Por um lado, a possibilidade (quase a certeza…) de que «O Meu Nome É Alice» vai dar um Oscar de melhor actriz a Julianne Moore é qualquer coisa que se colou ao filme como uma espécie de cartão de visita; por outro lado, seria uma pena que tal imagem reduzisse o trabalho da dupla de realizadores, Richard Glatzer/Wash Westmoreland, a um simples “veículo” para a sua admirável actriz principal.

Sublinhemos, por isso, um factor decisivo. Aliás, formulemos a pergunta mais básica de que o filme terá partido. A saber: como colocar em cena a deriva — física e emocional, familiar e social — de uma mulher de 50 anos a quem são detectados sintomas prematuros da doença de Alzheimer?

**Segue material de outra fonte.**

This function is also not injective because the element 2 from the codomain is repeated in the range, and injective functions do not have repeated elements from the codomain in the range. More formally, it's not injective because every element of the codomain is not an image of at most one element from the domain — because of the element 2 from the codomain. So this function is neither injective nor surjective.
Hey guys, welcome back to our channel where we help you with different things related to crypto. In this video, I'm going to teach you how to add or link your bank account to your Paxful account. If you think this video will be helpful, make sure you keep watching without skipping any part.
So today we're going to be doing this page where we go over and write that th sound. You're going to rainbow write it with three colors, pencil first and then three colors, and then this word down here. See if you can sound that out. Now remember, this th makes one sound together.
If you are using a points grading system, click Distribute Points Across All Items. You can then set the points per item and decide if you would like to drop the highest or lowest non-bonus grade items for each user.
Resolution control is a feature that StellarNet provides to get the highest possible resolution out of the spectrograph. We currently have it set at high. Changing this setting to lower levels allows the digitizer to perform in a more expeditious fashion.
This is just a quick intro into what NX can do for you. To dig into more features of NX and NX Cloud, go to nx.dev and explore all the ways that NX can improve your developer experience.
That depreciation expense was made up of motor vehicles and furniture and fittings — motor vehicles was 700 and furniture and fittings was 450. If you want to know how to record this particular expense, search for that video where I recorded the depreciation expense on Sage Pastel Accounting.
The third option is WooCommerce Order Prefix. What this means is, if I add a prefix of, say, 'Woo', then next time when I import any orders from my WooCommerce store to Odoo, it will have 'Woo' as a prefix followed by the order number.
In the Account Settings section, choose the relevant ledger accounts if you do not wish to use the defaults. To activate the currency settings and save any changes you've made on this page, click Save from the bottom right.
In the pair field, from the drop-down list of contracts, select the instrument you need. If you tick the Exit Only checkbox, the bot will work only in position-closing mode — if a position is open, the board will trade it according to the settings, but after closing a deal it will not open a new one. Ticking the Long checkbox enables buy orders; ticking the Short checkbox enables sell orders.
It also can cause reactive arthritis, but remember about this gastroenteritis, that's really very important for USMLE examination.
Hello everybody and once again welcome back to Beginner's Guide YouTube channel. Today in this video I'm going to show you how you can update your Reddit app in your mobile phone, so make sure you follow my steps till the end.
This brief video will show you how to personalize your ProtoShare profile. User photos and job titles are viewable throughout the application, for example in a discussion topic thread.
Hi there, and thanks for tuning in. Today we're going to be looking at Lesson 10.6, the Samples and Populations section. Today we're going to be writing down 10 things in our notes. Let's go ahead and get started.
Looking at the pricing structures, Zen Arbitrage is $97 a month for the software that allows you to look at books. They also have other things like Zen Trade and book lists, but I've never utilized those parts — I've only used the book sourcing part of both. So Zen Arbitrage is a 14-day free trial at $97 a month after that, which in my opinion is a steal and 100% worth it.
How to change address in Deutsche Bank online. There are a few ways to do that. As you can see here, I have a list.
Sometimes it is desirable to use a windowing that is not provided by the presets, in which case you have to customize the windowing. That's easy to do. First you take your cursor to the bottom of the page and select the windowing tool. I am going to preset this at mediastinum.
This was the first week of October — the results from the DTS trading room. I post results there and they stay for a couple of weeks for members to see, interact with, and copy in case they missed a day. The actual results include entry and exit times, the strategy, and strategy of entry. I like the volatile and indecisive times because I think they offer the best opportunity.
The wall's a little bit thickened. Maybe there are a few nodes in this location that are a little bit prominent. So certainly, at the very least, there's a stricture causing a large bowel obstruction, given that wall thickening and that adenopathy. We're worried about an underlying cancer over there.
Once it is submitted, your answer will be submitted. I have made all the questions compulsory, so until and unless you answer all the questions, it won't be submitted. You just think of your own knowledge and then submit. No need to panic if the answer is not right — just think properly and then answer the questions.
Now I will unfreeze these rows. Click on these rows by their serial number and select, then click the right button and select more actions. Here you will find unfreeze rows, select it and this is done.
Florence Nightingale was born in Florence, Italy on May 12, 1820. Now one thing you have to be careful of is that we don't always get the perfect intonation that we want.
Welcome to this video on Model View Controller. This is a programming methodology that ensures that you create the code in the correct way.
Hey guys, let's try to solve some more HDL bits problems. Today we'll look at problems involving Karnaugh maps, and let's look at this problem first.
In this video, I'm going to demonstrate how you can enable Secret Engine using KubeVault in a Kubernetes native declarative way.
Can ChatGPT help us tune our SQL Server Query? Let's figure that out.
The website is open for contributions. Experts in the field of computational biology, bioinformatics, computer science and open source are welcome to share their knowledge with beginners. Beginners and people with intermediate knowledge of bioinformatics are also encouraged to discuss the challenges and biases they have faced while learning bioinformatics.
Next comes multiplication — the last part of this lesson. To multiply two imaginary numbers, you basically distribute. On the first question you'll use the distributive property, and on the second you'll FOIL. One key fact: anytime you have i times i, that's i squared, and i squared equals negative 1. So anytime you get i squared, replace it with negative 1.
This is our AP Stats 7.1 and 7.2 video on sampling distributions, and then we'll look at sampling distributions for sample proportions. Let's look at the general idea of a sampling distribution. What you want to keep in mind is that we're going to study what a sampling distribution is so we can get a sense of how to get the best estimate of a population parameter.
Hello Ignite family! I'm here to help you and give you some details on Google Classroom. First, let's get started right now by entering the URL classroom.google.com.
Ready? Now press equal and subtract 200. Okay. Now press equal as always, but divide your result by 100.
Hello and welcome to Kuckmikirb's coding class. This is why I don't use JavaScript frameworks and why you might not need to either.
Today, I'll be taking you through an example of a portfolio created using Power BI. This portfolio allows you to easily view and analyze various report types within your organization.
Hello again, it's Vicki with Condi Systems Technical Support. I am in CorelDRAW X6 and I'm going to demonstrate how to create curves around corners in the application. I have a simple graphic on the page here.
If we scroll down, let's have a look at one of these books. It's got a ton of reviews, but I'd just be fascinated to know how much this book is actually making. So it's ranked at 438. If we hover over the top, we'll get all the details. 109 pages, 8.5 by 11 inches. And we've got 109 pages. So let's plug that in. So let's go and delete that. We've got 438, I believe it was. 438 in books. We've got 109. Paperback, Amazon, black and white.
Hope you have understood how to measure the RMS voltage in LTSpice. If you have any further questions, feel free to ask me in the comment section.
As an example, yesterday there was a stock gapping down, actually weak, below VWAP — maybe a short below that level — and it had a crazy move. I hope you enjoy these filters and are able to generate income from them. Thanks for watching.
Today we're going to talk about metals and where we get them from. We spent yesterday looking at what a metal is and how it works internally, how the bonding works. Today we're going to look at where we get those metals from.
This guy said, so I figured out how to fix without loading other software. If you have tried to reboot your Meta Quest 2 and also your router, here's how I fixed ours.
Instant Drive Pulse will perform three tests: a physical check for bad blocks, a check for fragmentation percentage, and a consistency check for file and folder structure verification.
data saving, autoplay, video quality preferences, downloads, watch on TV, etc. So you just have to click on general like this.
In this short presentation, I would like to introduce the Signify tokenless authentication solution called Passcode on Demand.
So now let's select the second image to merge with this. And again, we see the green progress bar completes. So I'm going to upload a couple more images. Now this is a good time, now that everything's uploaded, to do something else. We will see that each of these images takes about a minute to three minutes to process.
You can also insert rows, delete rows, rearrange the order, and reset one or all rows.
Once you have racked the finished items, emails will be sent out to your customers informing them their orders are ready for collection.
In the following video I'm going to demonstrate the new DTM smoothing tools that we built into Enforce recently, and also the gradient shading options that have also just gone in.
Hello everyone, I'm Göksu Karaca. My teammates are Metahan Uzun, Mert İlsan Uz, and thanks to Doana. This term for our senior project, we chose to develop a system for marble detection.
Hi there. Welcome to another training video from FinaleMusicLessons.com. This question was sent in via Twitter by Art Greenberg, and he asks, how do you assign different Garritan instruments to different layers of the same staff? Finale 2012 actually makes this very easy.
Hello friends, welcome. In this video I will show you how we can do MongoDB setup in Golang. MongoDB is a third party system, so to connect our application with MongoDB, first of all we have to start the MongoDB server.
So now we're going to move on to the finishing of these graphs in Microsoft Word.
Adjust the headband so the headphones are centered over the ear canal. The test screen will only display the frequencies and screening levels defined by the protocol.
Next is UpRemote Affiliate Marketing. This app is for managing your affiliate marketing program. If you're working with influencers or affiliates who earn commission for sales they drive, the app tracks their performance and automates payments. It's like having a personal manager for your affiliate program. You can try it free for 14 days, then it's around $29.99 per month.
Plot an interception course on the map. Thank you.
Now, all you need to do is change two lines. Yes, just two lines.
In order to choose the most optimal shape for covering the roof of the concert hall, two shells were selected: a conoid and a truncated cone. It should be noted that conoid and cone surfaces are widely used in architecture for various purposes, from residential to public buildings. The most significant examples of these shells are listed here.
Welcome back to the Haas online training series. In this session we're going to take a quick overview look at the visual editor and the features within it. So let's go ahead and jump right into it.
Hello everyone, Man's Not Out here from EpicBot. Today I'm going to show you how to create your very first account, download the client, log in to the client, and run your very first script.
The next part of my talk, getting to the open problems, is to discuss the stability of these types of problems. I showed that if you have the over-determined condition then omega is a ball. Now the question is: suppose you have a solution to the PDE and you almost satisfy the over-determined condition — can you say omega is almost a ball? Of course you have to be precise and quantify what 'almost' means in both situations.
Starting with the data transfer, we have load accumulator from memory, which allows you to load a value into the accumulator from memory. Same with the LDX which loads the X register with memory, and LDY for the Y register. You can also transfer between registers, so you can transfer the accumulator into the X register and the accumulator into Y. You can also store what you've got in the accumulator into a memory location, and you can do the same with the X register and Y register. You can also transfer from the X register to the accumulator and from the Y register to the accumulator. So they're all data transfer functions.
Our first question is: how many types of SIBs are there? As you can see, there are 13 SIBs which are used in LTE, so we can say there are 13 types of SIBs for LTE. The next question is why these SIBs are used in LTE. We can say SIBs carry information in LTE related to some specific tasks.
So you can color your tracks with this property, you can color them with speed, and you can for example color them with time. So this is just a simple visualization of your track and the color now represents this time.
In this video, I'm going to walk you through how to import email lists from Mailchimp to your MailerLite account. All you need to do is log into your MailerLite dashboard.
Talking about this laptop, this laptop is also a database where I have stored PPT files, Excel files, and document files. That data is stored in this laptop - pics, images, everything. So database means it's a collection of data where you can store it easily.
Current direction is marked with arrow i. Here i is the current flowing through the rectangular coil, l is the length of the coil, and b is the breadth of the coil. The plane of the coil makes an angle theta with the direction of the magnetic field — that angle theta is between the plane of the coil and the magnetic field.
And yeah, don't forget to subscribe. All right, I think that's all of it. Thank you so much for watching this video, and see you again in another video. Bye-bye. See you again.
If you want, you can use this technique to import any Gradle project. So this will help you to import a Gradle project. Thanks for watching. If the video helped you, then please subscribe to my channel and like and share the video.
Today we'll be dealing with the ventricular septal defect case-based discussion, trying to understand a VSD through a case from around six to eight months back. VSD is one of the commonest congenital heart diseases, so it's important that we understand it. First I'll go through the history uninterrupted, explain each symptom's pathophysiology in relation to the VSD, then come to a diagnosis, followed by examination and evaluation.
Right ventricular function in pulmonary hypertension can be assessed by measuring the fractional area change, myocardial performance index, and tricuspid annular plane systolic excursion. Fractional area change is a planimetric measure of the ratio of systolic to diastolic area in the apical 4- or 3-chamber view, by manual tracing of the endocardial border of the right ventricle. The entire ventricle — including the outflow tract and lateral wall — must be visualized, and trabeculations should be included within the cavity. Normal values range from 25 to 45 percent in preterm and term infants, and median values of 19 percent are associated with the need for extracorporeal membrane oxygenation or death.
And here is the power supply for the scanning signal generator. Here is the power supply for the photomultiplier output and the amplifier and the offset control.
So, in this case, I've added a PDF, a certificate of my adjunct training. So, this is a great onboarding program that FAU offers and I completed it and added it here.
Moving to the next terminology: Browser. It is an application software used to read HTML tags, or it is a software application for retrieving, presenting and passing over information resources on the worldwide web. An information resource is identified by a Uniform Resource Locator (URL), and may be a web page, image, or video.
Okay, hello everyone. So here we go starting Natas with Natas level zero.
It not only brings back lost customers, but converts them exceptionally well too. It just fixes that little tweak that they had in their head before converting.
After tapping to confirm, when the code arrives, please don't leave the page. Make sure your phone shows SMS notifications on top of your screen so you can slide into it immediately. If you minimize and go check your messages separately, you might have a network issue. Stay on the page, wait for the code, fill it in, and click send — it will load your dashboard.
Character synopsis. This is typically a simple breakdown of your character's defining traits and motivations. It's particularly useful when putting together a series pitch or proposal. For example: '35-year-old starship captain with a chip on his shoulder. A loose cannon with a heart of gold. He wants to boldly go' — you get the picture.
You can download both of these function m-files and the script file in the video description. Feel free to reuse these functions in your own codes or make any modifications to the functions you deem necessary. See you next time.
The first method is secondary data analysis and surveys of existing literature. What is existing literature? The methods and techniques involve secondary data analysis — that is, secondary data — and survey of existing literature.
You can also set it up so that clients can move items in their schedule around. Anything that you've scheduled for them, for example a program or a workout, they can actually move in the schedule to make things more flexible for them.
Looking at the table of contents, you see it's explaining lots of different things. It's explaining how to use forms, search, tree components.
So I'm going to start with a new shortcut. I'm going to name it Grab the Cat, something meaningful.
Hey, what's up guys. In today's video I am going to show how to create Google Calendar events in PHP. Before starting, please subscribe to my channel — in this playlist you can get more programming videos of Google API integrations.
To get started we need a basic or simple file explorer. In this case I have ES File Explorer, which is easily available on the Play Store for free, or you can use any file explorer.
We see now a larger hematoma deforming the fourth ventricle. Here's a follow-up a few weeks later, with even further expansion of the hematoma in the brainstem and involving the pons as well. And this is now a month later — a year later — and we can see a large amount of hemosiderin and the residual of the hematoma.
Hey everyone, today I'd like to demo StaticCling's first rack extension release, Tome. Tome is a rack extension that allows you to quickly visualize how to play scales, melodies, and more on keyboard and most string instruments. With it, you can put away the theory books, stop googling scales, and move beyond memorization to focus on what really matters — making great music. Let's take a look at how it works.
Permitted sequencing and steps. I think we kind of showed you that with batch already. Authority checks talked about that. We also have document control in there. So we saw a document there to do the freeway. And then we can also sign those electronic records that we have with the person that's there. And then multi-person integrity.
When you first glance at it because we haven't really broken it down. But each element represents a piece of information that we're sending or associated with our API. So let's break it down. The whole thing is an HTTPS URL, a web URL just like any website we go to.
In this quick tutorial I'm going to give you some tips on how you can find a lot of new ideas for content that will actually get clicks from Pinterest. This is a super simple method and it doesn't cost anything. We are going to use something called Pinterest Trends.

A pergunta justifica-se tanto mais quanto sabemos que há modelos dramáticos com enorme poder social, quase invariavelmente filiados em retóricas televisivas, que tendem a reduzir tais situações a um determinismo fácil, gratuito do ponto de vista humano, moralista nas suas sugestões “filosóficas”.

Dito de outro modo: «O Meu Nome É Alice» não é um filme em que a personagem central — a Alice interpretada por Julianne Moore — surja tratada como “símbolo” compulsivo de uma situação de sofrimento. Não se trata de suscitar uma piedade mais ou menos complacente e paternalista, antes de colocar em cena um ser humano que vive uma terrível perda de coordenadas da sua própria identidade — o que, afinal, transforma esse ser numa entidade irredutível, impossível de encenar a partir de qualquer padrão mais ou menos universal e unívoco.

Há ainda outra maneira de dizer isto: é mesmo verdade que, nos mais diversos contextos cinematográficos, se tem vindo a manifestar uma preocupação muito real no sentido de (re)valorizar as personagens femininas, de qualquer idade, libertando-as da colagem grosseira a modelos de raiz masculina, para não dizer machista.

Este processo de celebração de genuínas e complexas personagens femininas pode ser visto também como uma (re)valorização do conceito de personagem, tout court. Em vez de um objecto sustentado por estereótipos mais ou menos esquemáticos, com ou sem os célebres “efeitos especiais”, deparamos com seres (muito) vivos como Alice, capazes de mobilizar o nosso olhar, os nossos pensamentos e emoções.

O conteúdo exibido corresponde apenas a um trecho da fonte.